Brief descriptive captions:
══════════

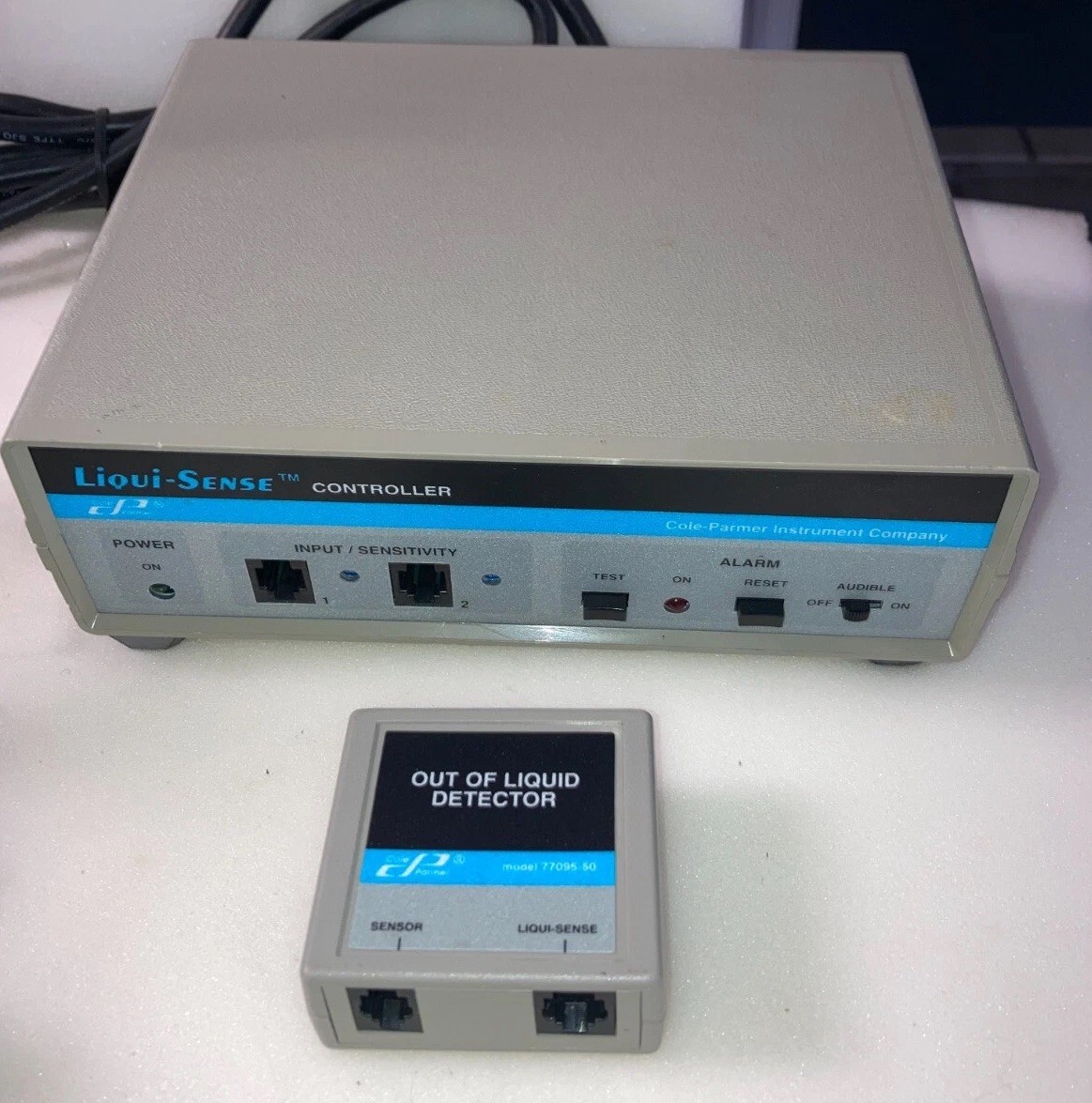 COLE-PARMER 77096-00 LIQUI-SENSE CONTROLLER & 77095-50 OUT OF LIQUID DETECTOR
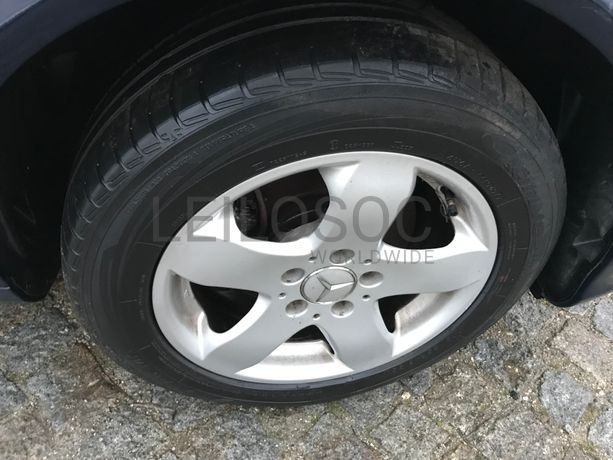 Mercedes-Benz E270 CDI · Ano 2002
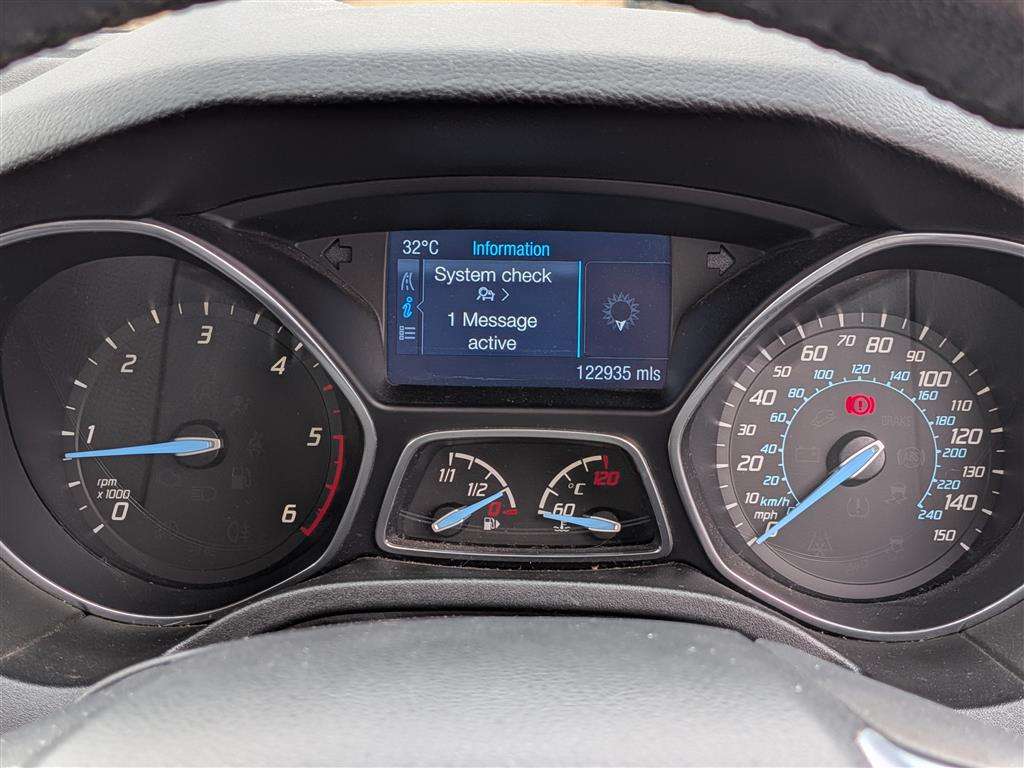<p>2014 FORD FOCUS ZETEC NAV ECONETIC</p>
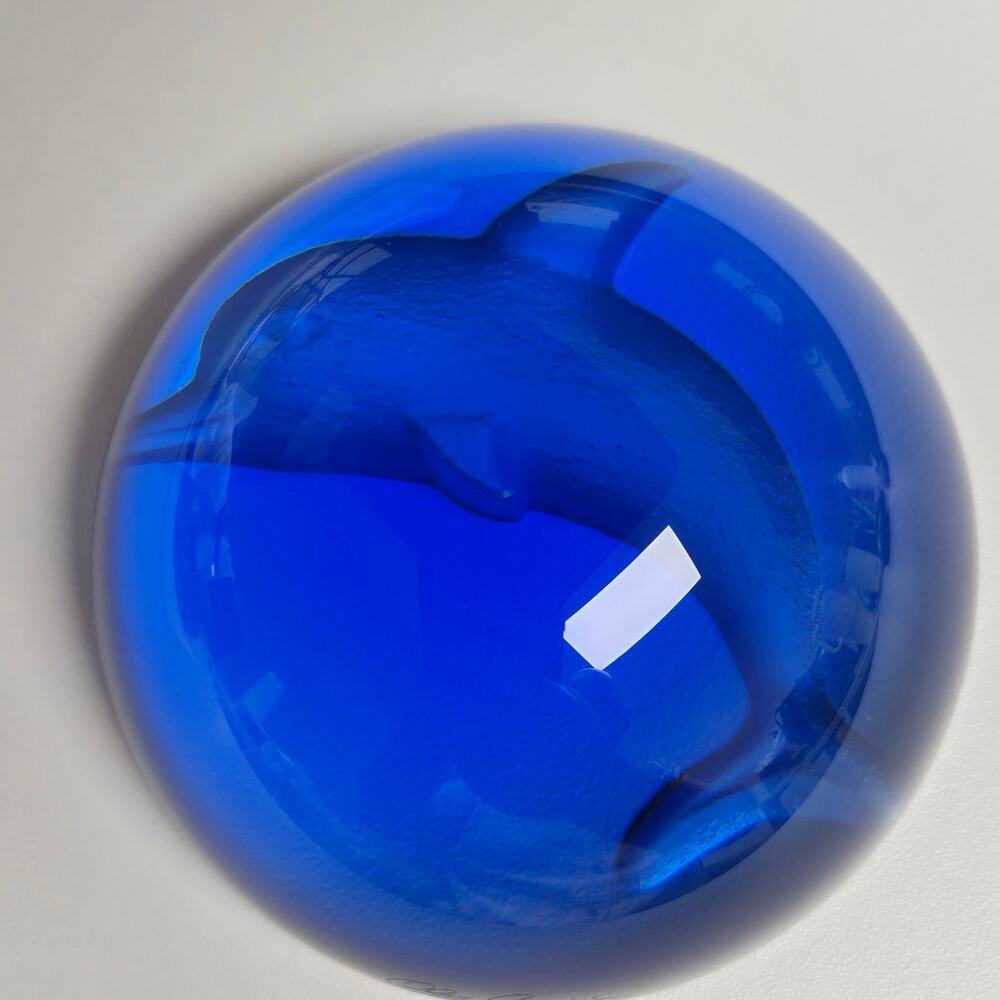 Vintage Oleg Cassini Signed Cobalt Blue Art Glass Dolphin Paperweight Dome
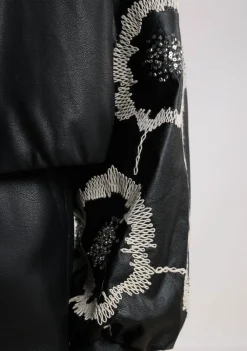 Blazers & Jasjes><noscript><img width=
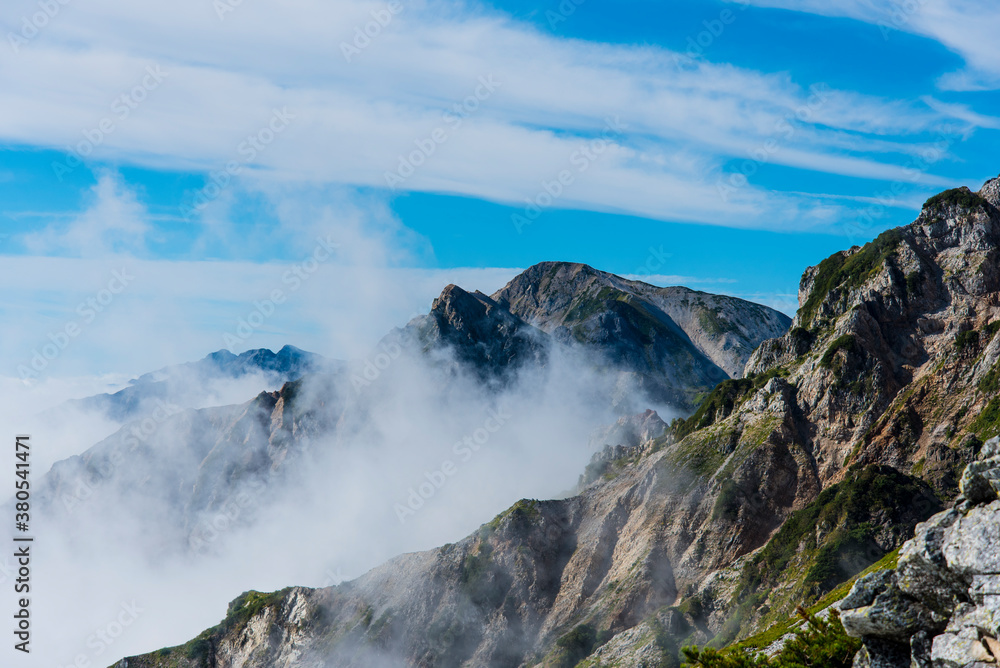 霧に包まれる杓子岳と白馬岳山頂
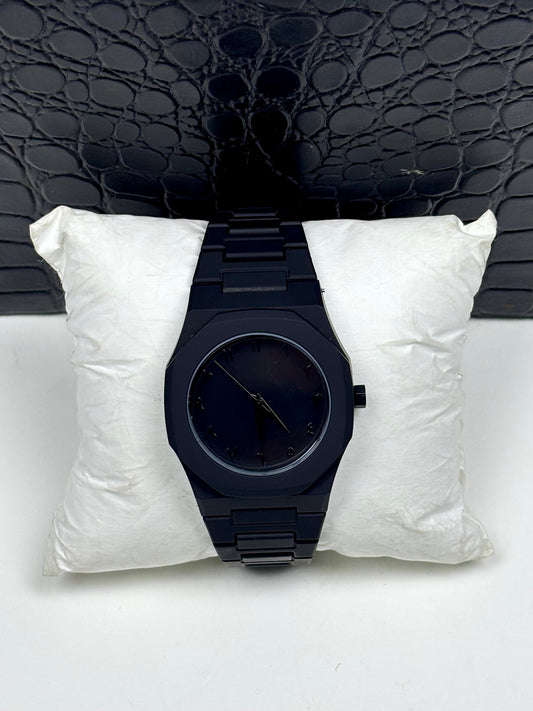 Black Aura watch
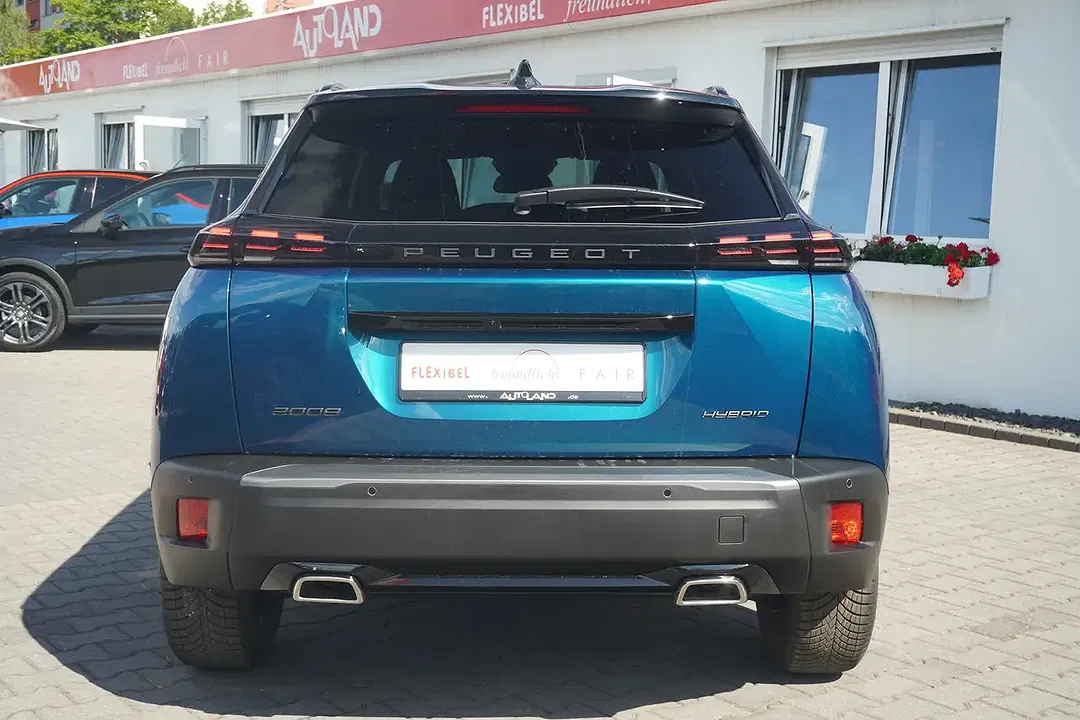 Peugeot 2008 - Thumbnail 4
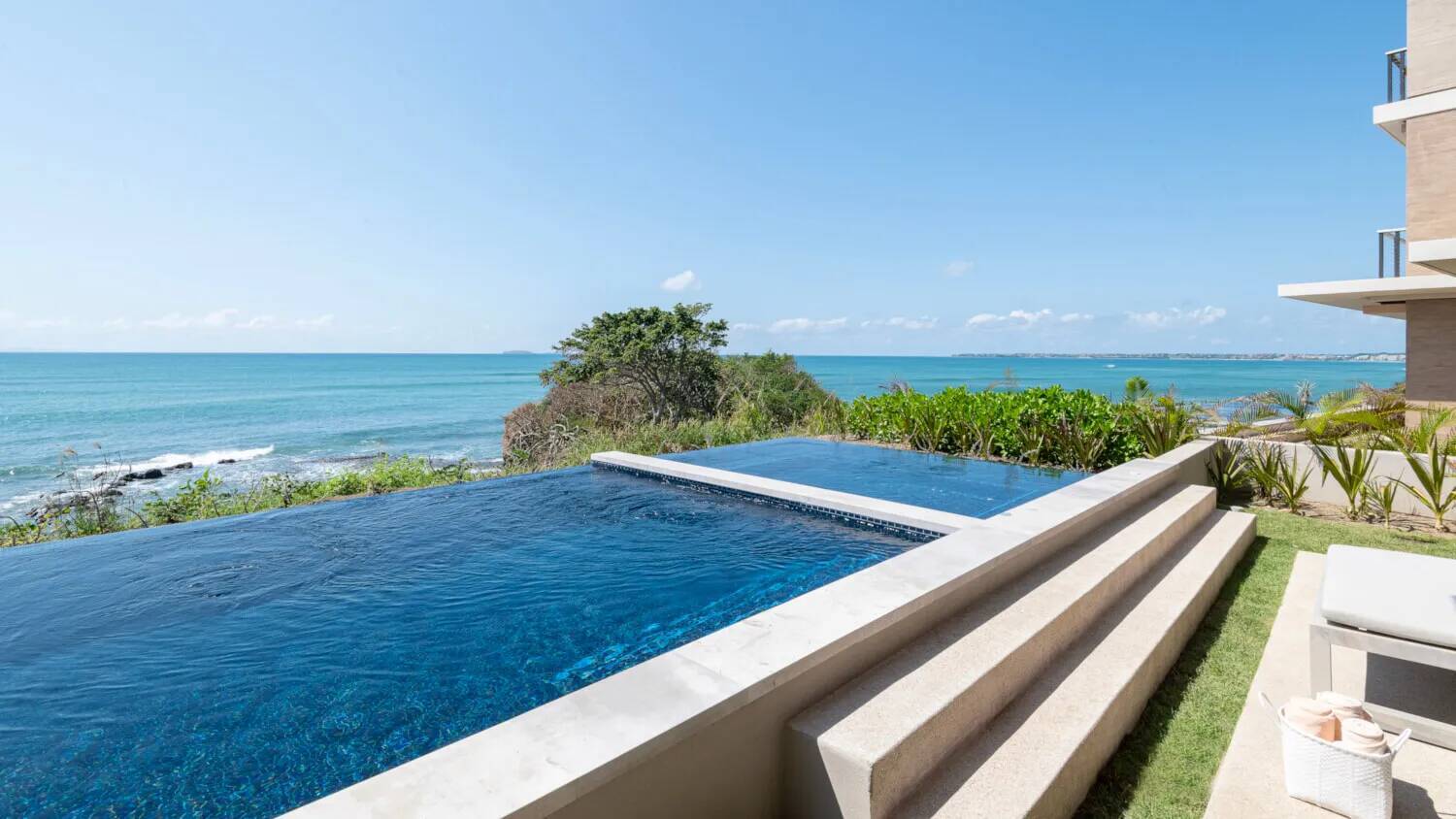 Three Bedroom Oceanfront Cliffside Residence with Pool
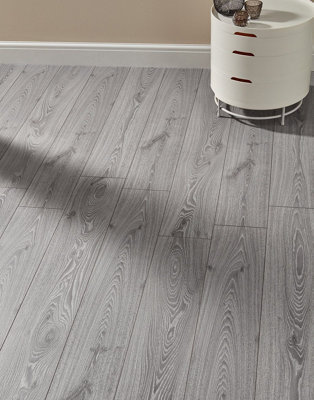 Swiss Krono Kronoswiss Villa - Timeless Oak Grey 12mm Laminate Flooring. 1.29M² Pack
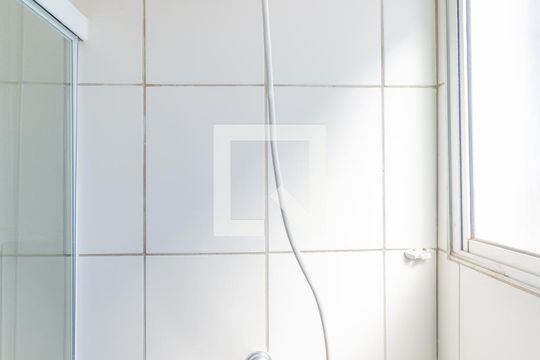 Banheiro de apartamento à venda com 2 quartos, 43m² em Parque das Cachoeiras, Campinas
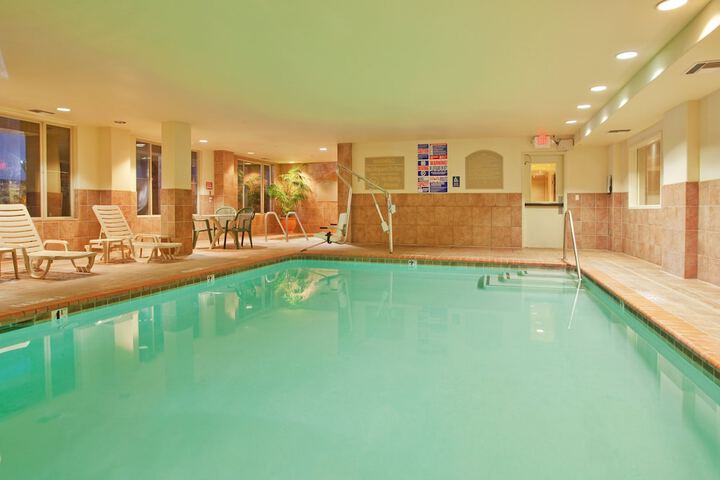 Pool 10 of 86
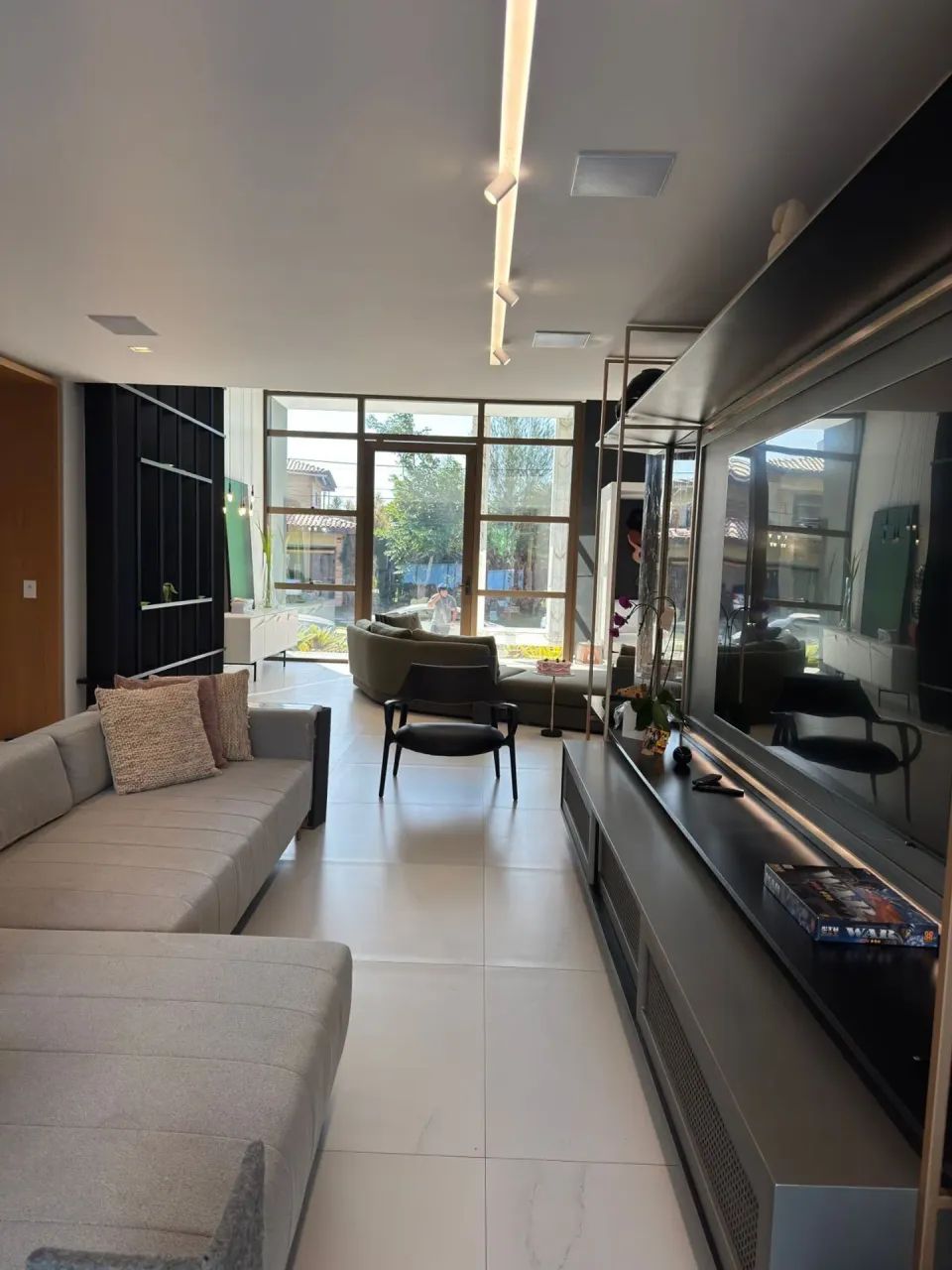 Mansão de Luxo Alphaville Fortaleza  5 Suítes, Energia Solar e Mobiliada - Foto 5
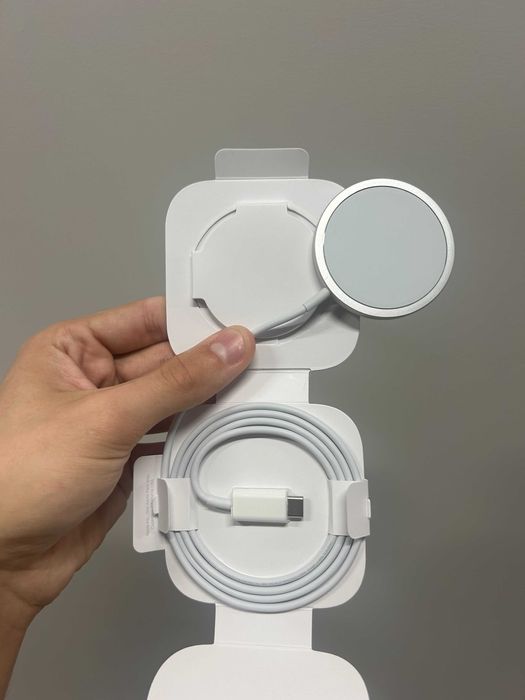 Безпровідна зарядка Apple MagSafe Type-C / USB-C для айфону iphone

══════════

YOUR GOAL: Set down, exactly as written above, each line from the one with "Vintage Oleg Cassini" through the one with "Pool 10 of 86", and skip the pictures.

YOUR RESPONSE:
 Vintage Oleg Cassini Signed Cobalt Blue Art Glass Dolphin Paperweight Dome
 Blazers & Jasjes><noscript><img width=
 霧に包まれる杓子岳と白馬岳山頂
 Black Aura watch
 Peugeot 2008 - Thumbnail 4
 Three Bedroom Oceanfront Cliffside Residence with Pool
 Swiss Krono Kronoswiss Villa - Timeless Oak Grey 12mm Laminate Flooring. 1.29M² Pack
 Banheiro de apartamento à venda com 2 quartos, 43m² em Parque das Cachoeiras, Campinas
 Pool 10 of 86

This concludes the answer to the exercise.